# Excel-Datei erstellen, lesen und schreiben?



## Erikamania (26. Oktober 2005)

Ich schreibe ein Mess-Programm mit Visual C++ 6.0.
Ich will eine Reihe Messdaten in einer Excel-Datei ablegen.
Jedesmal eine neue datei erstellen und die Daten reinschreiben.
wer kann mir helfen

Danke.


----------



## deepthroat (26. Oktober 2005)

Hi.

Anstatt direkt Excel Dateien zu erstellen, könntest du auch einfach CSV (comma seperated value) Dateien erstellen und diese dann in Excel importieren. Ich weiß natürlich jetzt nicht wie praktikabel das für dich wäre...

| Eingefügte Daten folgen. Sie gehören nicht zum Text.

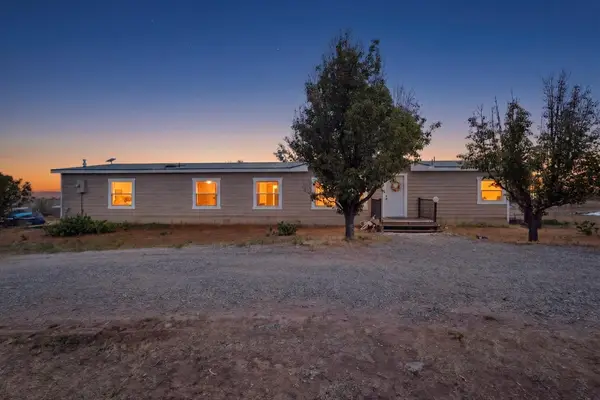 4 Forest Court, Edgewood, NM 87015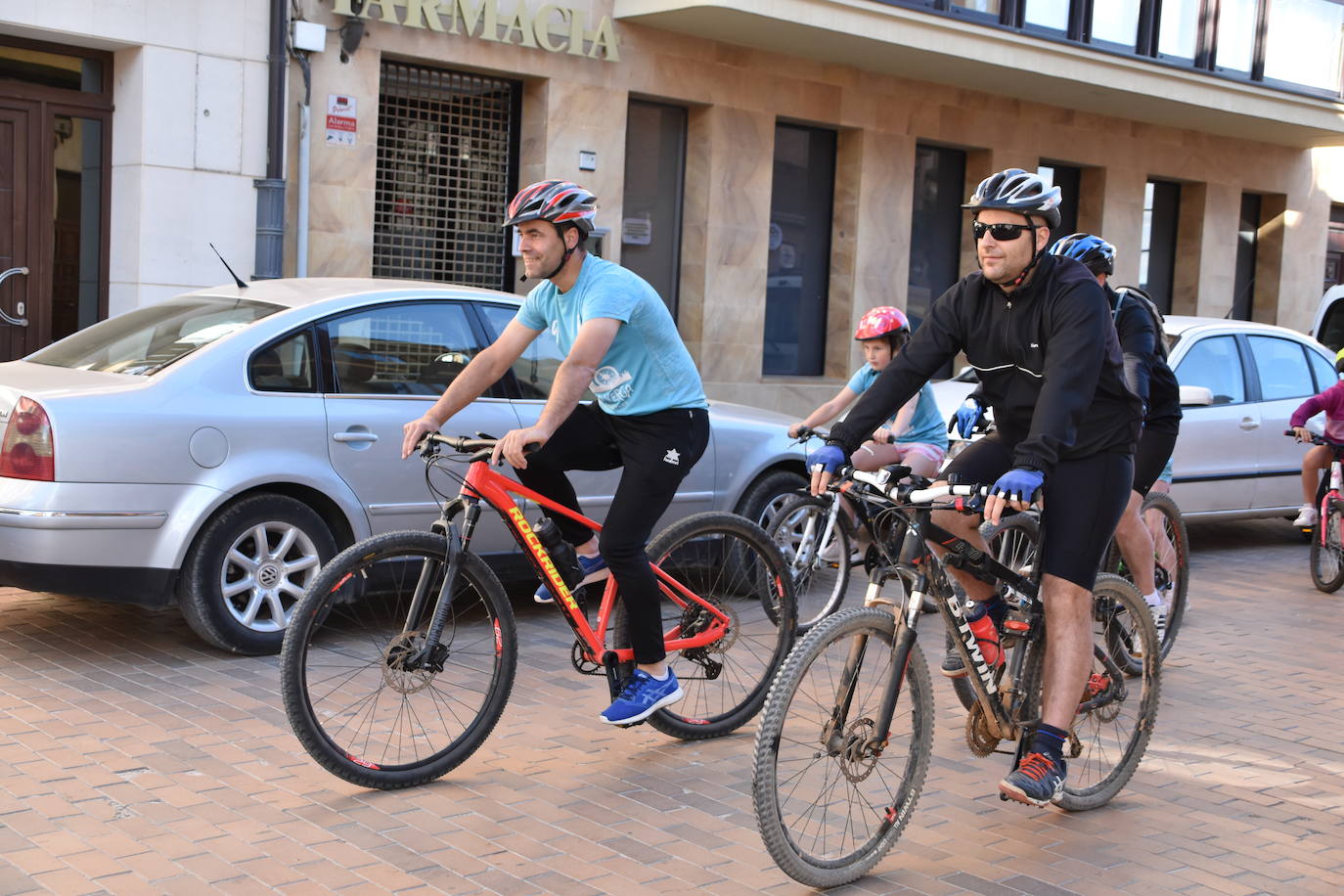 Aldeanueva, entre bicicletas y pochas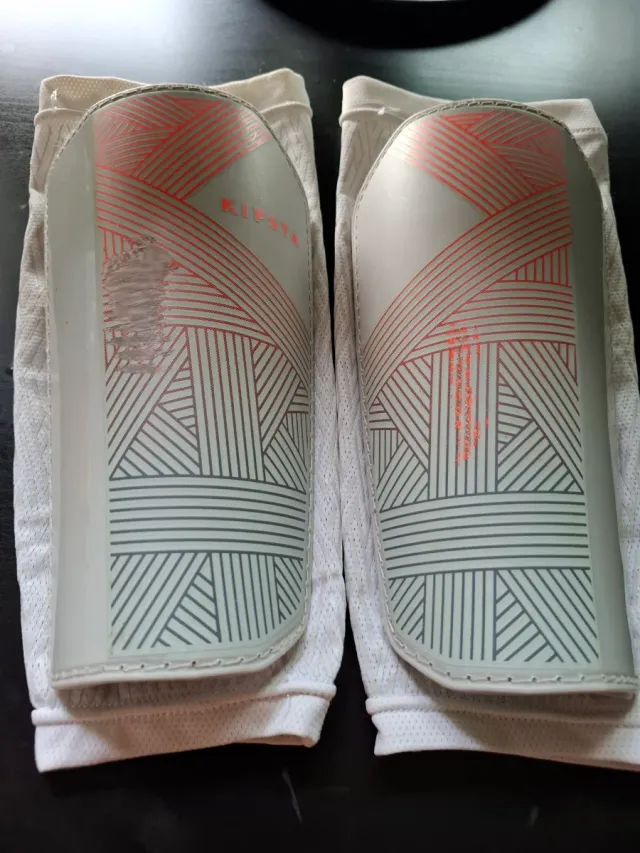 Espinilleras de fútbol Kipsta con malla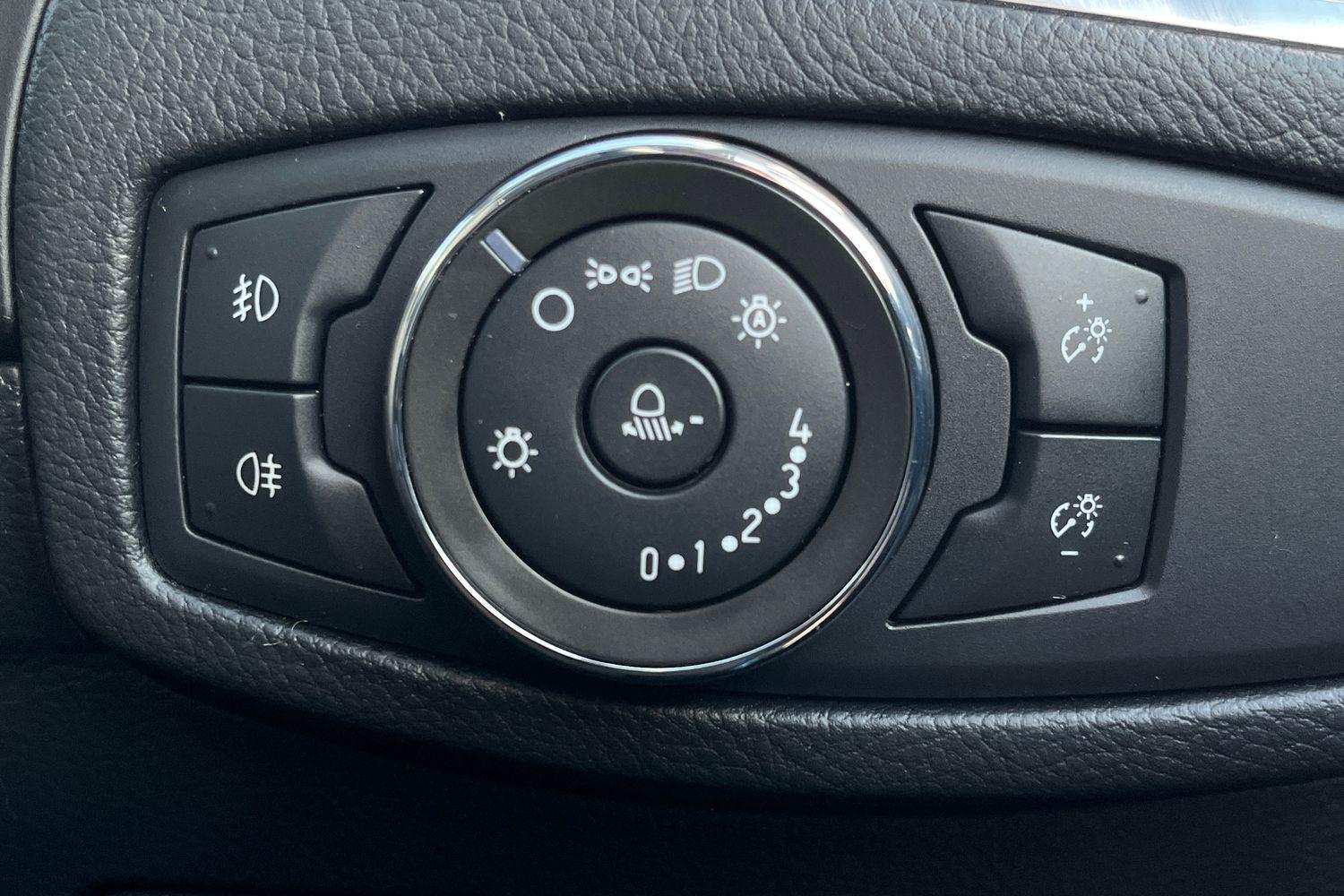 Ford GALAXY Photo 22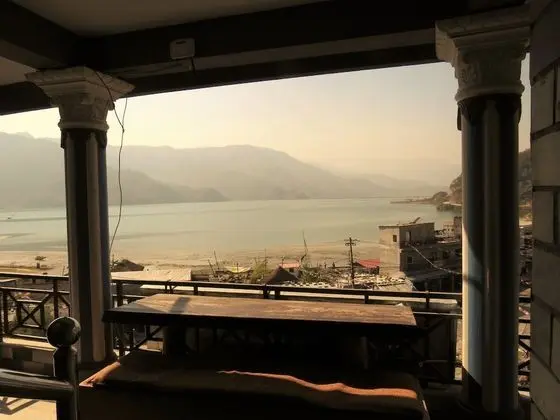 Tek Kişilik Oda, Göl Manzaralı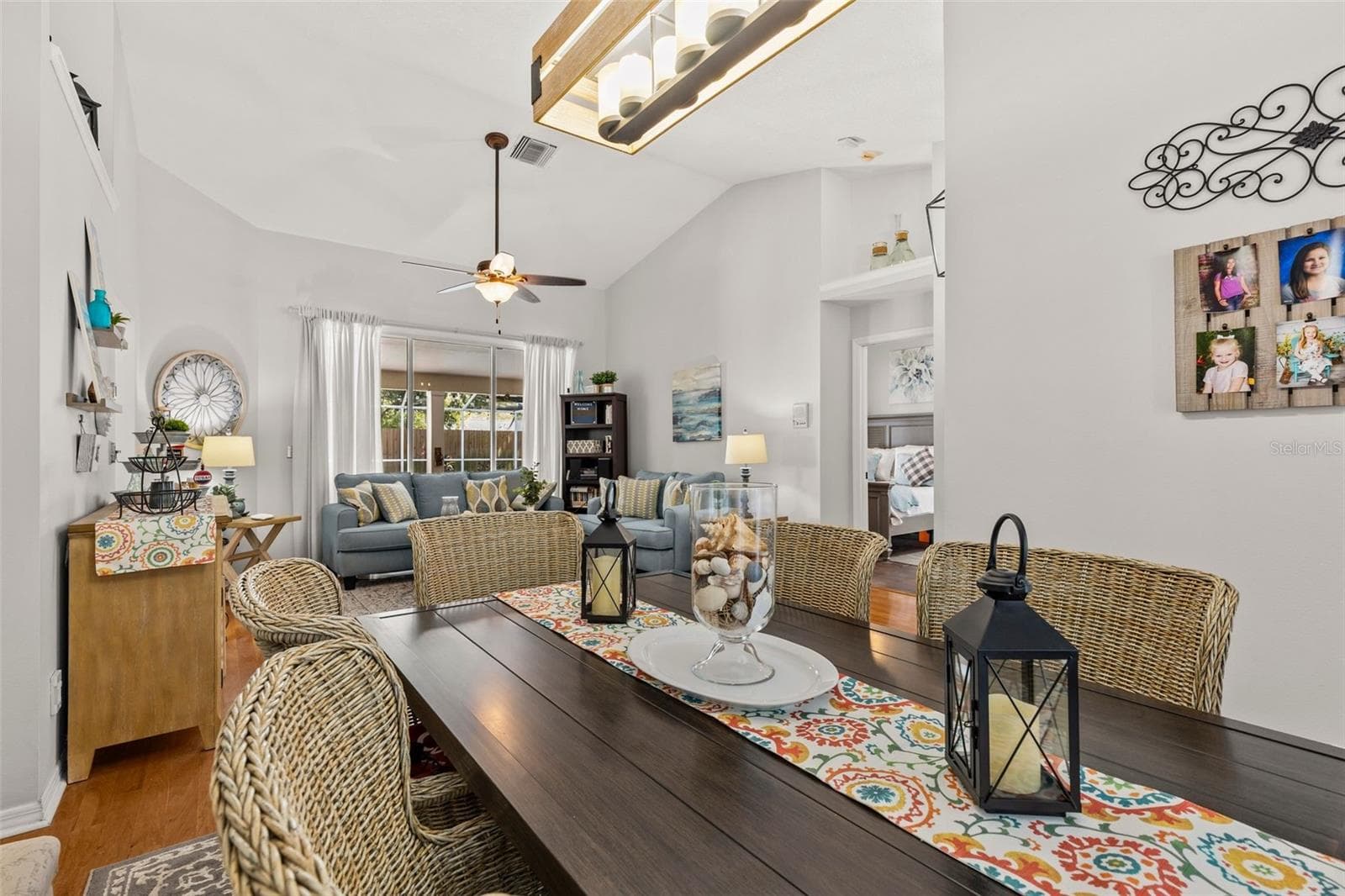 1090 ROLLING OAKS AVENUE — photo 8 of 55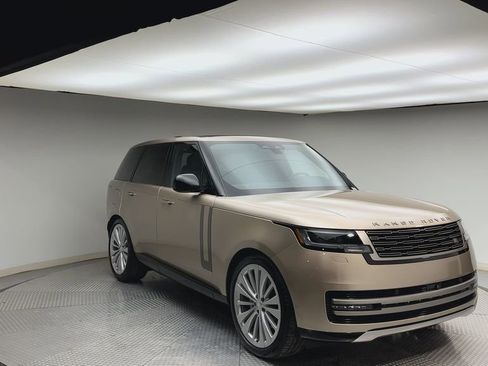Used 2024 Land Rover Range Rover SE image 8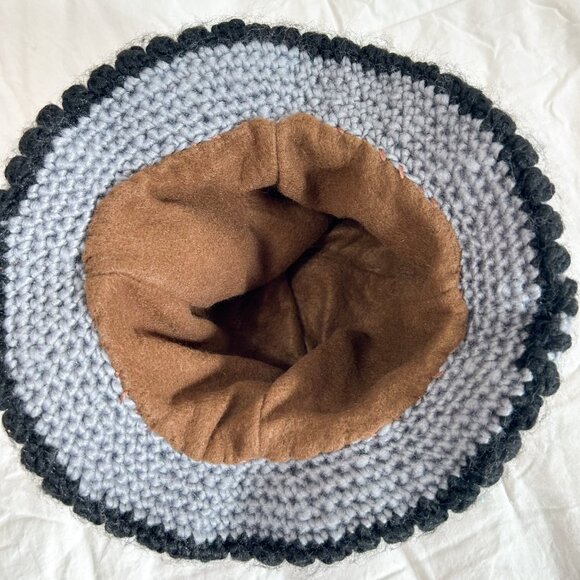 NWT Gougane Ireland Gray Crochet Knit Floral Warm Winter Cloch Womens Hat - Picture 3 of 4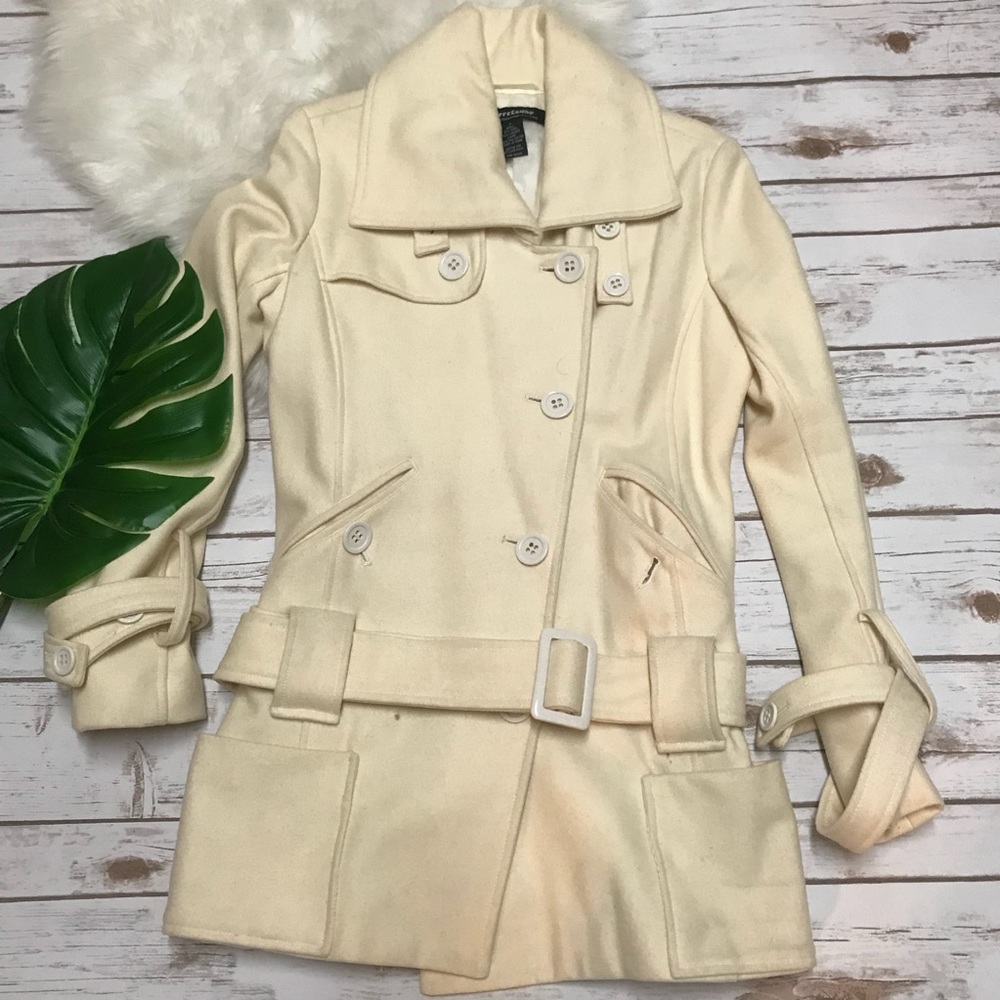 🎉HOST PICK🎉Y2K Nordstroms Winter White Coat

siehe http://de.wikipedia.org/wiki/CSV-Datei

Gruß


----------



## jokey2 (26. Oktober 2005)

Dazu würde ich auch raten. Erstens ist es einfacher und zweitens weiß ich nicht, ob man überhaupt eine Dokumentation des Excel-Dateiformates bekommen kann.
 Du kannst natürlich versuchen, Excel direkt in Deinem Programm zu verwenden. Das ist aber glaube ich auch nicht ohne.


----------



## Erikamania (27. Oktober 2005)

Danke Leute,
ich versuche es mit CSV.


----------



## The root (29. Oktober 2005)

wenn du ein bissl Ahnung von Datenbanken hast,
kannst natürlich auch ne Verbindung per ODBC-Treibern aufnehmen....

cvs is natürlich am leichtesten zu handlen


----------